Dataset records

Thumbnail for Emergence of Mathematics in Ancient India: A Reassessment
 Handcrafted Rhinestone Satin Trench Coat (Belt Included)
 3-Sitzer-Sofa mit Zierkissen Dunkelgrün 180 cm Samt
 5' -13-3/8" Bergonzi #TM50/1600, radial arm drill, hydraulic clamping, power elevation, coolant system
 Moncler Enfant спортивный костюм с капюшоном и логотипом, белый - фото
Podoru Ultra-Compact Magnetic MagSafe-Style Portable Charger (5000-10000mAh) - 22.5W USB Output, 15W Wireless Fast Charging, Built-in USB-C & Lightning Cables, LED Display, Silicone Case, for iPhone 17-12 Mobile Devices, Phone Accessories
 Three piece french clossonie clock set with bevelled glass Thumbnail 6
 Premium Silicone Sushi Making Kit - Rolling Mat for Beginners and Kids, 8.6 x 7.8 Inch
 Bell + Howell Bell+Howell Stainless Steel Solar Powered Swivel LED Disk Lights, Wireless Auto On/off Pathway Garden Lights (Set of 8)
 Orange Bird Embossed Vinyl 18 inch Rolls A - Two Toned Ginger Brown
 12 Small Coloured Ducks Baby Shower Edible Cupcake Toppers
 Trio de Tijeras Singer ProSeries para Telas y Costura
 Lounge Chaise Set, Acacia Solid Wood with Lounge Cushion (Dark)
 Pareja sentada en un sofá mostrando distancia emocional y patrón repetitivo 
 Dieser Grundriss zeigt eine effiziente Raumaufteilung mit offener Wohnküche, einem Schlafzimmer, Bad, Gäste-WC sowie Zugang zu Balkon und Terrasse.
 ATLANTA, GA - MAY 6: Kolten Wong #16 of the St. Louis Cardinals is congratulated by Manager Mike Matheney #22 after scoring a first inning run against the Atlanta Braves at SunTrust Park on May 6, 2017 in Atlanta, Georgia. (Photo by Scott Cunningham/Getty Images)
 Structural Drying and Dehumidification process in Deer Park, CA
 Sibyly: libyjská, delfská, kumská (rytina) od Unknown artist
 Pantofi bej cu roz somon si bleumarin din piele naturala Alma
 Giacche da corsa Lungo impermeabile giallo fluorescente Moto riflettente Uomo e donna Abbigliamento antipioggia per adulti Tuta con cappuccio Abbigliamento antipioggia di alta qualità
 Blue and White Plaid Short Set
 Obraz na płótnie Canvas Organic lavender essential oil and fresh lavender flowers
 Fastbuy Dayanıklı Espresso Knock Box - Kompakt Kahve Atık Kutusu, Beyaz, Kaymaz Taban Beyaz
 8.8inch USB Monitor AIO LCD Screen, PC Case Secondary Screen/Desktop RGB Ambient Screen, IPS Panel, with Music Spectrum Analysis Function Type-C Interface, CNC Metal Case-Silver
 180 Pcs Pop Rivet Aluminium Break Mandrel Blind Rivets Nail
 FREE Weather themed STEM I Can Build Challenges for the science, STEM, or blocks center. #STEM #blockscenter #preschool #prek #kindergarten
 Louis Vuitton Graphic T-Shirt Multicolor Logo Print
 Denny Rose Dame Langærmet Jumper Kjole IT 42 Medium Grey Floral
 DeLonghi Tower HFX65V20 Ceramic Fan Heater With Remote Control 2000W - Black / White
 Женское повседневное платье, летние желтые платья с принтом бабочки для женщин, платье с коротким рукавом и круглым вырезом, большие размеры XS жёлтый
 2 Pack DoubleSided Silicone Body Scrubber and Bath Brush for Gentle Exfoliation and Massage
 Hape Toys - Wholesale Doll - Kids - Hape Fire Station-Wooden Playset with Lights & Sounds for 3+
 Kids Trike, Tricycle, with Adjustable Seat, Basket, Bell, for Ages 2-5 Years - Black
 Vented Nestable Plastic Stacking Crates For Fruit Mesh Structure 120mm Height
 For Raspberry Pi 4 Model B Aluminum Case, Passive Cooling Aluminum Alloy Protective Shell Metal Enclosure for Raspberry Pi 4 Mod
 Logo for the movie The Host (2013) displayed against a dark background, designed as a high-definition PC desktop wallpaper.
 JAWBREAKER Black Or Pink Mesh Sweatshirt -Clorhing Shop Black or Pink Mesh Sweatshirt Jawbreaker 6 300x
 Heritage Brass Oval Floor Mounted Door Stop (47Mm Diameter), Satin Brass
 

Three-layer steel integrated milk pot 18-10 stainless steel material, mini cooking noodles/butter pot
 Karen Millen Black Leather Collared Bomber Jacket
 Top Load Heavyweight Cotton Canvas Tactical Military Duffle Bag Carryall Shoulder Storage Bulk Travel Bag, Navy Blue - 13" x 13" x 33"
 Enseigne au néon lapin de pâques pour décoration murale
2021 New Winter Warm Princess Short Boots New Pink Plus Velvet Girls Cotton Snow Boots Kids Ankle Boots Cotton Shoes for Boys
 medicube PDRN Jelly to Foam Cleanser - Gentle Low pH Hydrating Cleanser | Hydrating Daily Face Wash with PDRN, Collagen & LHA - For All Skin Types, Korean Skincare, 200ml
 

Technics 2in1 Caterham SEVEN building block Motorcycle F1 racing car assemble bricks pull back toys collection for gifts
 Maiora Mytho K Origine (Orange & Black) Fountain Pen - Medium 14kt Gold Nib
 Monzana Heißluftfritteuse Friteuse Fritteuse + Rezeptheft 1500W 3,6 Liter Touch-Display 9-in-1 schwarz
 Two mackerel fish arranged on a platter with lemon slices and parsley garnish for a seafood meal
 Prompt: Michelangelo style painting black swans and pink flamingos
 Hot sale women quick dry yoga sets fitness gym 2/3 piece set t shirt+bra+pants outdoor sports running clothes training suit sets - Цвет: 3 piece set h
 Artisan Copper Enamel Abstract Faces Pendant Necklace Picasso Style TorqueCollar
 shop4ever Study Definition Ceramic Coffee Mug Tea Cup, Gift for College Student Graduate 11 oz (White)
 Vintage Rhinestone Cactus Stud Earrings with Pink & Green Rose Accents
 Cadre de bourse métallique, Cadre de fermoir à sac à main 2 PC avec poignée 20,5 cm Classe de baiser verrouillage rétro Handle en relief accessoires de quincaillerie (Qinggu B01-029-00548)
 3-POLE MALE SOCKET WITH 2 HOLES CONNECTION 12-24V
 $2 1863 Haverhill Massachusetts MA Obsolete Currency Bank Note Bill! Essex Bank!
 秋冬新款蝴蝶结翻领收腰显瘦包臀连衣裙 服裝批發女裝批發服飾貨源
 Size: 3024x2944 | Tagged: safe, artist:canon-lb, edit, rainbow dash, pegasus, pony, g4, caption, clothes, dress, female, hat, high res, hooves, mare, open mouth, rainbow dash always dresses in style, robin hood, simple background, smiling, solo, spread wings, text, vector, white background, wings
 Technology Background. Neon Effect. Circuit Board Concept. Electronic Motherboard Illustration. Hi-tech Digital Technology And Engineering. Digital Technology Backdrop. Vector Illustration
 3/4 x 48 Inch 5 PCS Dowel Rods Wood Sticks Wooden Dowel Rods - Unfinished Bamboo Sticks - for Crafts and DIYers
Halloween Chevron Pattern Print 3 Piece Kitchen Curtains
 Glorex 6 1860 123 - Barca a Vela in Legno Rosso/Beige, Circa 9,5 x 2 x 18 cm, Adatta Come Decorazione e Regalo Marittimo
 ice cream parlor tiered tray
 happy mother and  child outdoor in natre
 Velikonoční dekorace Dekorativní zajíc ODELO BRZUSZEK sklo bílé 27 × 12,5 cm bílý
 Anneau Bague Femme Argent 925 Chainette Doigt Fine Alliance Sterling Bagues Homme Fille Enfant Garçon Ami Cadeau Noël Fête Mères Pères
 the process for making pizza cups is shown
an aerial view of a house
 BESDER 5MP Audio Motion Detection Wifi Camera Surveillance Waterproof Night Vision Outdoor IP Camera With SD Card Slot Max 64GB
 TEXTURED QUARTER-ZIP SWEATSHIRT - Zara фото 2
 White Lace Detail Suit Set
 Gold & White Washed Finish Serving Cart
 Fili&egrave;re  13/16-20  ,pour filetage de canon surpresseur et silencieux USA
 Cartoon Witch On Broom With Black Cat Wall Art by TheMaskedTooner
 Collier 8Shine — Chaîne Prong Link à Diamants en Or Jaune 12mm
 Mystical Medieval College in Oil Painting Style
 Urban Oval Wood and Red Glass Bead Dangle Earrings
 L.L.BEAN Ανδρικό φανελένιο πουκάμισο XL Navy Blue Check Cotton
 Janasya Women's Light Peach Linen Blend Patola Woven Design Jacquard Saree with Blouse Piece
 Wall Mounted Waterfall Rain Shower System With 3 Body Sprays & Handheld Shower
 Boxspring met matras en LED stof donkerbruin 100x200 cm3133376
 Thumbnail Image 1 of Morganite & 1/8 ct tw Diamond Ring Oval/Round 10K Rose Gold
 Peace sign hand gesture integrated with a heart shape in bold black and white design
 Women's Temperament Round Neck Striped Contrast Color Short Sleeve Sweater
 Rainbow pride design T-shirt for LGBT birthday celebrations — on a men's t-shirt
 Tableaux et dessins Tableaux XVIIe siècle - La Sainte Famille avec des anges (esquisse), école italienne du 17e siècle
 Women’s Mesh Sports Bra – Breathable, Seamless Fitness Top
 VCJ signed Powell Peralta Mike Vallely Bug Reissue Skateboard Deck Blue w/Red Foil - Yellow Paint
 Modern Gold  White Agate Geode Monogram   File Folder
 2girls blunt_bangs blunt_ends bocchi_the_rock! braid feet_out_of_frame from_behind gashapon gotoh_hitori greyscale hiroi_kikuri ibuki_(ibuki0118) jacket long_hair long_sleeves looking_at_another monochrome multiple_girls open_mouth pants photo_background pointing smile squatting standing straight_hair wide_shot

[Assigned task]
Looking at the data above, write out exactly the lines that start at the one containing "Kids Trike, Tricycle, with" and end at the one containing "medicube PDRN Jelly"; include both and nothing beyond.

[Solution to this task]
 Kids Trike, Tricycle, with Adjustable Seat, Basket, Bell, for Ages 2-5 Years - Black
 Vented Nestable Plastic Stacking Crates For Fruit Mesh Structure 120mm Height
 For Raspberry Pi 4 Model B Aluminum Case, Passive Cooling Aluminum Alloy Protective Shell Metal Enclosure for Raspberry Pi 4 Mod
 Logo for the movie The Host (2013) displayed against a dark background, designed as a high-definition PC desktop wallpaper.
 JAWBREAKER Black Or Pink Mesh Sweatshirt -Clorhing Shop Black or Pink Mesh Sweatshirt Jawbreaker 6 300x
 Heritage Brass Oval Floor Mounted Door Stop (47Mm Diameter), Satin Brass
 

Three-layer steel integrated milk pot 18-10 stainless steel material, mini cooking noodles/butter pot
 Karen Millen Black Leather Collared Bomber Jacket
 Top Load Heavyweight Cotton Canvas Tactical Military Duffle Bag Carryall Shoulder Storage Bulk Travel Bag, Navy Blue - 13" x 13" x 33"
 Enseigne au néon lapin de pâques pour décoration murale
2021 New Winter Warm Princess Short Boots New Pink Plus Velvet Girls Cotton Snow Boots Kids Ankle Boots Cotton Shoes for Boys
 medicube PDRN Jelly to Foam Cleanser - Gentle Low pH Hydrating Cleanser | Hydrating Daily Face Wash with PDRN, Collagen & LHA - For All Skin Types, Korean Skincare, 200ml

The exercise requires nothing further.